Irina Rozovsky (born in Russia, raised in Massachusetts) made these photographs during two stints in Israel, one in December 2008 and the second in March 2010. She first traveled with her Israeli cousins, taking in the place with a wide-ranging and intelligent eye. Of course the place itself has a very particular history and culture, ancient and modern. Israel - the “promised land”, a nation of discord even while at peace - the desert; the Middle East; the cradle of civilization; wrought. It comes with a loaded set of travel plans for many.
The Israel Irina shoots is unnerving and a little suspicious; after all, she is a visitor here, a Russian-American Jew with an unspoken moral viewpoint that overwhelms any political agenda. The historical disagreements are alluded to but never forced. We make the connection ourselves via her cunningly ambiguous choice of subject matter. These photographs are not about a conflict but are somehow conflicted. They are also surprising, fascinating and beautiful.
First of all is the riddle of the title “One To Nothing”. Is it a score? A disagreement? A Zen koan? A lesson? Does it refer to the scale of the figures in the landscape, or to a search for meaning in the fabled history of a people?
Then there is the work. The photographs are arranged in chapters, starting with night and abruptly turning to day. The square photographs contain all four basic elements. Water shows up as puddles, or as the Sea. Earth and Air predominate over Fire, which shows up transformed into dust and haze. The color palette is muted, chalky and pastel, except in those made with a flash, which are rich and solid.
Enigmatic yet specific, new yet ancient, Rozovsky’s images strengthen each other by intelligent pairings. Four stones hold down the corners of a piece of cloth, the picture opposite a sleeping camel. A fallen concrete structure stands wounded, next to an image of a bending figure covered with mud.
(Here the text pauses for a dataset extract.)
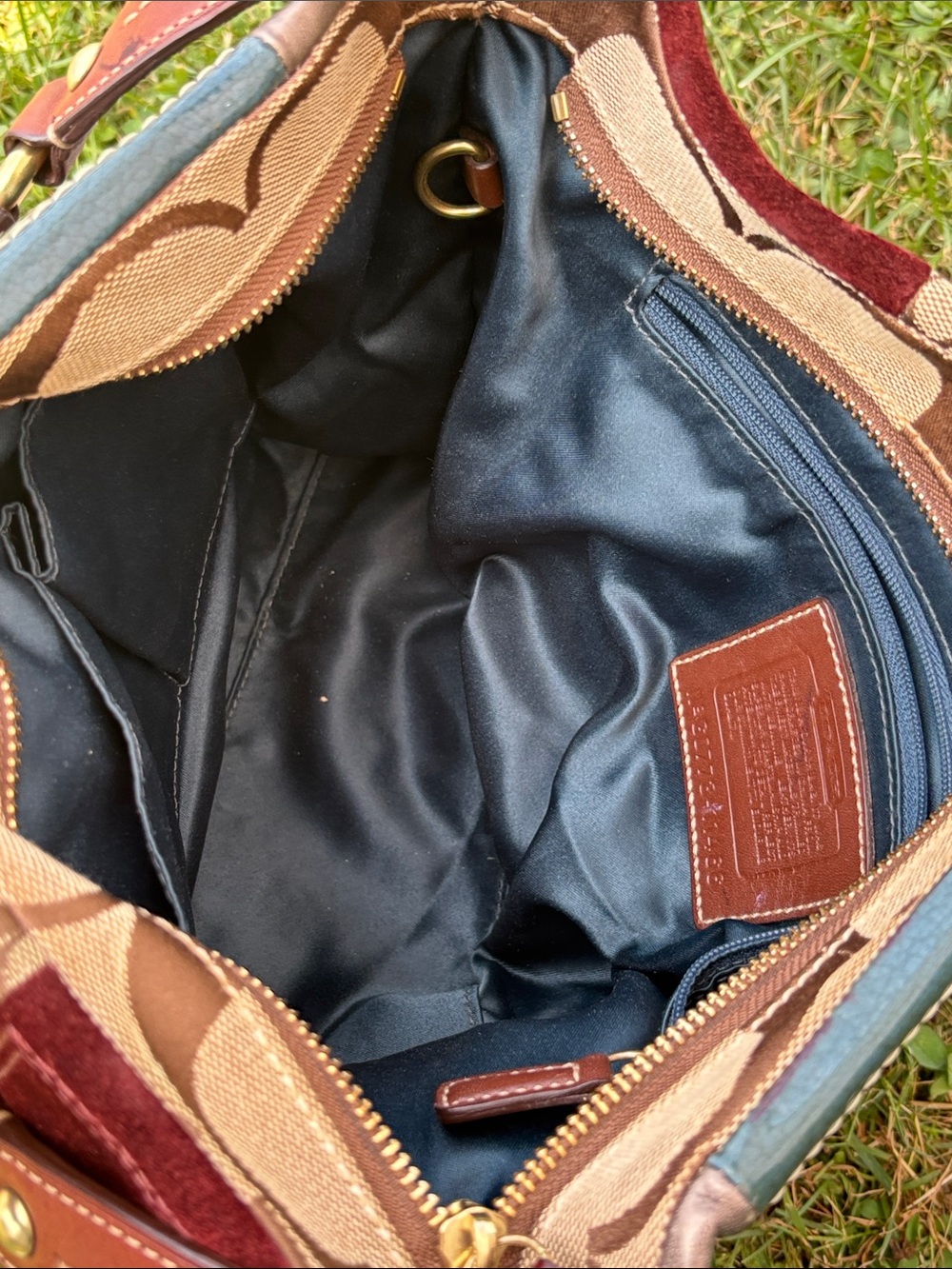 Coach Patchwork Shoulder Hobo in Multi-Tone Leather and Fabric - Picture 8 of 8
Blood on a hand is coupled with the back of a curly-haired woman looking down at a wrecked car. A photo of a ladder askew under a framed picture of Christ is across from a photo of a man trying to get through a tangle of metal fences. These are mysterious images worth many viewings.
A young man seen from the back with hands behind his head walking a literal tightrope above the beach, is juxtaposed with a bird's-eye view of a man & woman by the ocean. The tracks to the wheelchair next to them lead us to them. Suddenly the innocent balancing act of the boy becomes a symbol of surrender. Suddenly I think about why the man might need the wheelchair.
Nothing is innocent in these pictures, charged with the tension of history, and nothing is quite recognizable either. Rozovsky's photographs are about landscape, and our human relationship to it. There are a few portraits, but of obvious strangers. A woman in a burka carries a heavy carton on a street. A man, eyes closed, in a keffiyeh sitting in front of an ancient stonewall holds a broom & dustpan. The heads of an older couple at a photo's lower edge are dwarfed by the array of wires, electrical boxes and streetlights attached to the buildings above them. They are all characters in a Drama.
The photograph that quietly sings out is of a girl in a striped shirt and denim skirt, standing up to her thighs in a body of water. She is looking off into a shimmering blue sky. This image is placed opposite a blank white page and begins the last sequence of the book.
The final image is a white cloud in a beige sky floating like a UFO over a barren brown landscape. Rozovsky has beamed us down for a while, but now we can return to our own world, where we are not strangers in such a strange land.